- [REQUIRED WORK]: Where a line holds the word "into", copy it from the records.

● ● ● ● ● ● ●

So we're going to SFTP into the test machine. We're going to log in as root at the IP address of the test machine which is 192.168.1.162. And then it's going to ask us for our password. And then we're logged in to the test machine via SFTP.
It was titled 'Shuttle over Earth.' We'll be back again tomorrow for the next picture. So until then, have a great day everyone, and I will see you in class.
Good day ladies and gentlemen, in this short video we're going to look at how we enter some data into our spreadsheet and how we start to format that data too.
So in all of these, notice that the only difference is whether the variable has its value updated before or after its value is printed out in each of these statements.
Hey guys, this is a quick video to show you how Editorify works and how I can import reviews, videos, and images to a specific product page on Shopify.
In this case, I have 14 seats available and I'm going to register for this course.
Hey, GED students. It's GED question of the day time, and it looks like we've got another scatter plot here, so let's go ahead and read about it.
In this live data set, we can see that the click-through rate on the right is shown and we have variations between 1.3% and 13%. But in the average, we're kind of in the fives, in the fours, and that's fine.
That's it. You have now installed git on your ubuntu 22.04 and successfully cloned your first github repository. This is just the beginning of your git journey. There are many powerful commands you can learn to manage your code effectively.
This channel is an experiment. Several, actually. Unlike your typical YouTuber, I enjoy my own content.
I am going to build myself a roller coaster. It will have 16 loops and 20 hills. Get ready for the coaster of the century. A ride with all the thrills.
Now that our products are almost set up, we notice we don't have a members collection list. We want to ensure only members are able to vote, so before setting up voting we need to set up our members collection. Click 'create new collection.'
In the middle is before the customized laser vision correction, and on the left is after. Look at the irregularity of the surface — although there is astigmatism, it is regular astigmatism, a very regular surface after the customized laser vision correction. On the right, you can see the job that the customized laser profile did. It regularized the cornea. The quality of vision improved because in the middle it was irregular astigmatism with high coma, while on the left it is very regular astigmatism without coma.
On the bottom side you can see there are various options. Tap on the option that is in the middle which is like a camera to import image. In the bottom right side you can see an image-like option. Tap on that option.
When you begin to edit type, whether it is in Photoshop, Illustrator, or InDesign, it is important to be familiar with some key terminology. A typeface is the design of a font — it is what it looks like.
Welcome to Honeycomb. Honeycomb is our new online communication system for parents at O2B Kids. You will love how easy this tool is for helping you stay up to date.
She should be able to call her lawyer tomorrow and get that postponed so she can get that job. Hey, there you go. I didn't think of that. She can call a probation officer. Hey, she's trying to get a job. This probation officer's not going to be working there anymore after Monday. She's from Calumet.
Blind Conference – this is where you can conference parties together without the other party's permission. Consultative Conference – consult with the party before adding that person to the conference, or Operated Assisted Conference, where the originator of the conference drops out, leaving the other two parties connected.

● ● ● ● ● ● ●

- [OUTPUT FOR THIS EXERCISE]:
So we're going to SFTP into the test machine. We're going to log in as root at the IP address of the test machine which is 192.168.1.162. And then it's going to ask us for our password. And then we're logged in to the test machine via SFTP.
Good day ladies and gentlemen, in this short video we're going to look at how we enter some data into our spreadsheet and how we start to format that data too.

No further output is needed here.